Но больше всего она ненавидит сами поезда.
А еще она ненавидела расставаться. Приходилось словно учиться жить заново.
Последний раз, когда она ездила к нему, было плохо. Она снова уговаривала себя – только здесь и сейчас. Только эта минута имеет смысл ну и, конечно, сегодняшний день – с утра до благословенной ночи. Не думать ни о чем! Принимать, как есть, а дома вести обычную, нормальную жизнь, ни на что не надеясь и не ожидая звонка, письма, sms. Но день, проведенный с ним, равнялся году жизни – не меньше. А день без него отнимал год жизни, если не больше…

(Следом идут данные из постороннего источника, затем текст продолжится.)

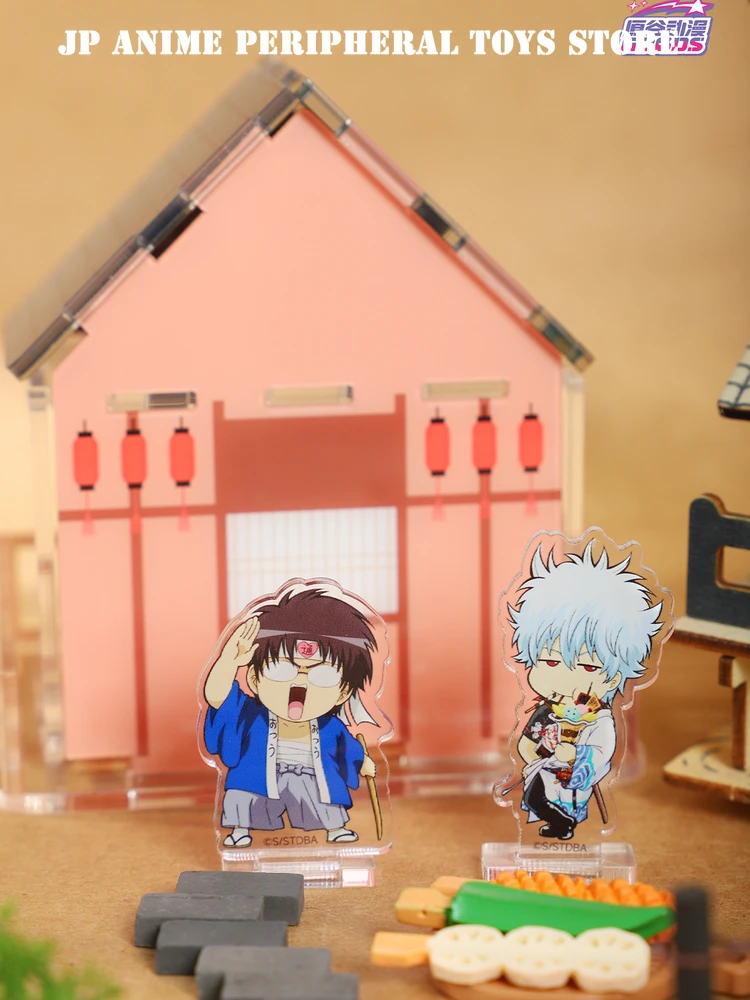 อะคริลิกสแตนด์อนิเมะแท้ จินทามะ น่ารัก ซากาตะ กินโทกิ คากุระ ชุดฟิกเกอร์ตั้งโต๊ะ ของสะสมสำหรับแฟนๆ ของขวัญ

Лика не думала о том, что замужем. Особой вины не чувствовала. В свое время она совершила большую ошибку, когда не рискнула родить второго ребенка. Тогда у нее могла бы быть совсем другая семья. А сейчас… просто все хорошо, как у многих, все как у людей, замечательный сын… Отрезанный ломоть. Нет, он самый-самый лучший сын на свете, замечательный мужчина вырос, и ее любит, но… взрослый, и у него своя жизнь. И у него есть девушка. Слава Богу…
А еще она и Макс стали ссориться.
А еще… Лика постоянно думала, что они просто не совпали во времени. Если бы он был старше! Если бы она была моложе…
В суете, в дисгармонии долгой
Сколько было оборванных струн…
Ну и как тут не стать недотрогой –
Сколько лет, сколько зим, сколько лун
Сколько солнц – да все мимо и мимо…
Где ж ты, музыка жизни моя?..
…и нашлась. И – так неотвратимо:
Ты – моя. Жаль, что я – не твоя…
– Ну как прошло?
Муж ждал ее.
Ждет – как всегда. Или не ждет. Какая разница? Не смотреть в глаза – боль не выдать. Не смотреть в глаза – это же не лгать, правда?
– Опять курила?
Кивнуть.
– Глупенькая моя. Зачем? Так устала? Изводишь себя…
Снова кивнуть, позволить снять с себя пальто, позволить приобнять за плечи, пускай повесит пальто на вешалку. Как всегда. Все как всегда.
Снова внимательное:
– Устала?
Короткое:
– Да.
– Ужинать будем?
Отрицательно помотать головой.
– Прости, не хочу. Нет сил.
Спасительный душ, упругие струи смывают его, Макса, прикосновения. Она должна прийти в себя – у нее просто нет выбора. А душа рвется на части – и не собрать, не склеить, не совместить… А в голове одно – он. И она. Струи воды, как его пальцы – скользят, ласкают, гладят. Сводят с ума.
Так хорошо ей больше ни с кем не было.
Чуть не со стоном Лика вспоминала последнюю ночь, и желание нахлынуло снова. Она еще пару минут постояла под душем, а потом пальчики скользнули вниз, к треугольнику волос, чуть ниже и коснулись влажной плоти, готовой принять любые ласки.